Aboriginal and Torres Strait Islander Health Considerations

Aboriginal and Torres Strait Islander Health

Mixed connective tissue disease in Aboriginal and Torres Strait Islander (ATSI) Australians is underdiagnosed due to limited access to specialist rheumatology services and laboratory testing in regional and remote settings. The multi-system nature of MCTD requires coordination across rheumatology, pulmonology, and cardiology โ€” all of which are predominantly metropolitan services. PAH mortality risk is compounded by delayed diagnosis and limited access to specialist PAH centres.

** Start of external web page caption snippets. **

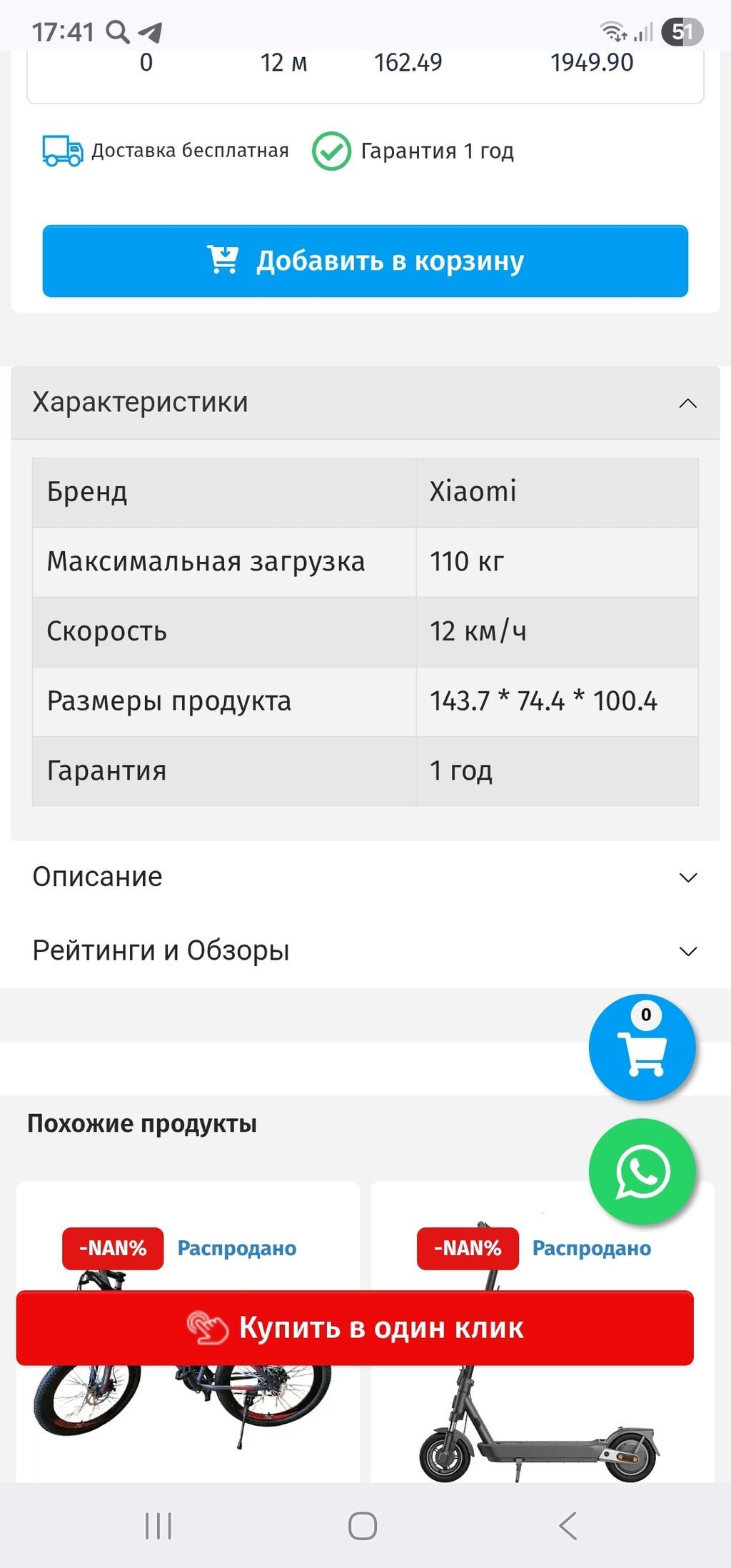 Xiaomi KingSmith WalkingPad G1 Kompakt qatlanan qaçış trenajoru. Ev — İdman və istirahət, Bakı (6)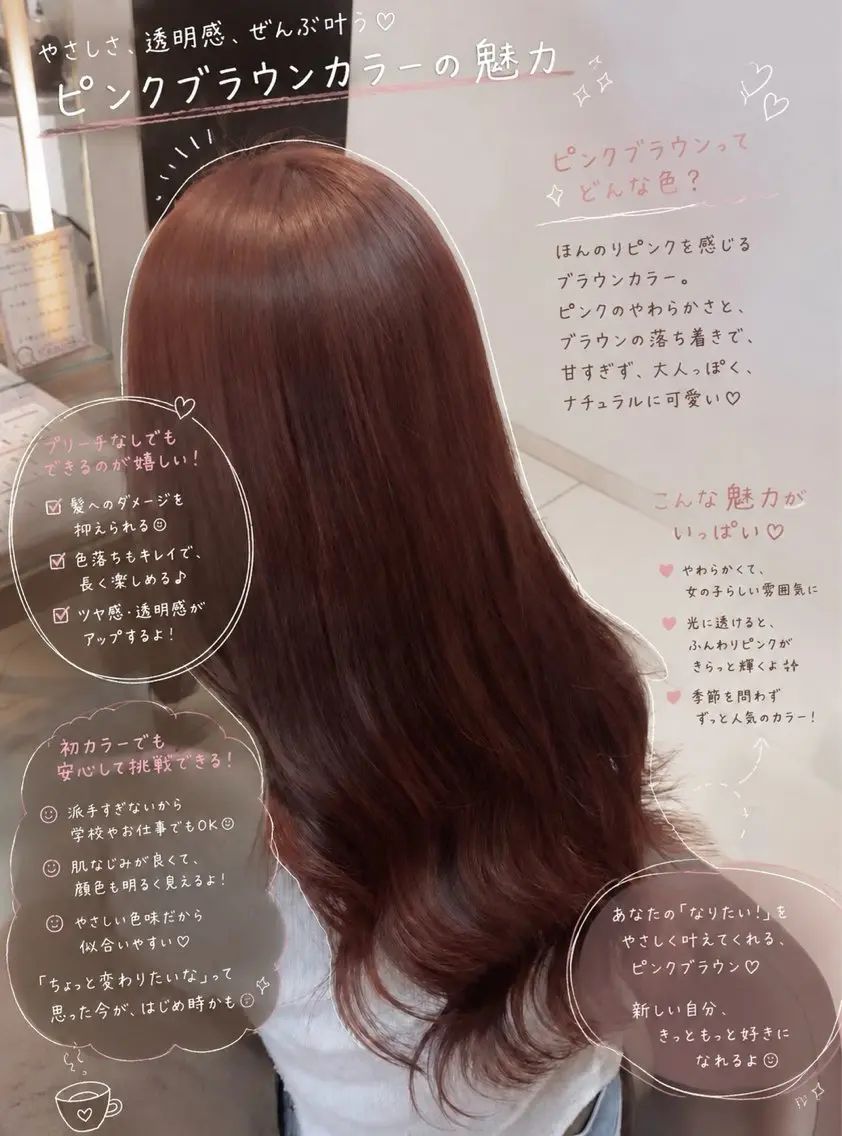 カラー 🎀カットカラーモ デル募集/あゆり🎀のヘアスタイル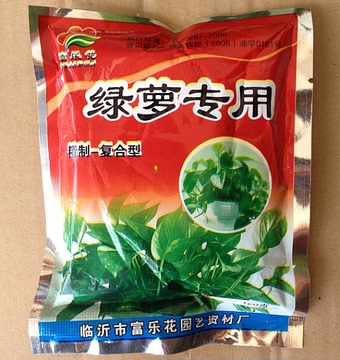 绿萝吊兰专用肥料  绿萝肥复合型花肥料 5包即可包邮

Anti-U1 RNP Testing Access
Anti-U1 RNP is available through major referral laboratories but may require co-ordination from remote health centres. Ensure an ENA (extractable nuclear antigen) panel is ordered as part of the initial ANA workup for patients with Raynaud phenomenon and puffy fingers, even in primary care. Telehealth rheumatology consultations can guide investigation pathways.
PAH Surveillance in Remote Settings
Annual echocardiography for PAH surveillance is the highest-priority monitoring task in MCTD. Coordinate with regional hospitals and outreach cardiology services for echo access. NT-proBNP can be checked in most regional laboratories as a supplementary screening tool. Telehealth and outreach PAH specialist clinics (e.g., through Alfred Health or RPA) can facilitate remote monitoring.
Pre-Immunosuppression Infectious Screening
Before commencing immunosuppression (prednisolone, MMF, cyclophosphamide, rituximab), screen for strongyloides, latent TB (IGRA preferred over TST in BCG-vaccinated individuals), hepatitis B and C, and HIV. Strongyloides hyperinfection with corticosteroids is potentially fatal. Ivermectin prophylaxis for strongyloides before immunosuppression is standard of care in endemic regions (NT, Queensland, WA). Update vaccinations before immunosuppression.
Pregnancy and Contraception Counselling
PAH is a contraindication to pregnancy in MCTD. Women of childbearing age with MCTD and PAH require explicit contraception counselling. Teratogenic drugs (MMF, MTX, bosentan) require mandatory contraception. Coordinate antenatal care with Aboriginal Maternal Infant Care (AMIC) workers and maternal-fetal medicine for high-risk MCTD pregnancies. Fetal echocardiography surveillance for CHB risk from anti-U1 RNP/anti-Ro antibodies.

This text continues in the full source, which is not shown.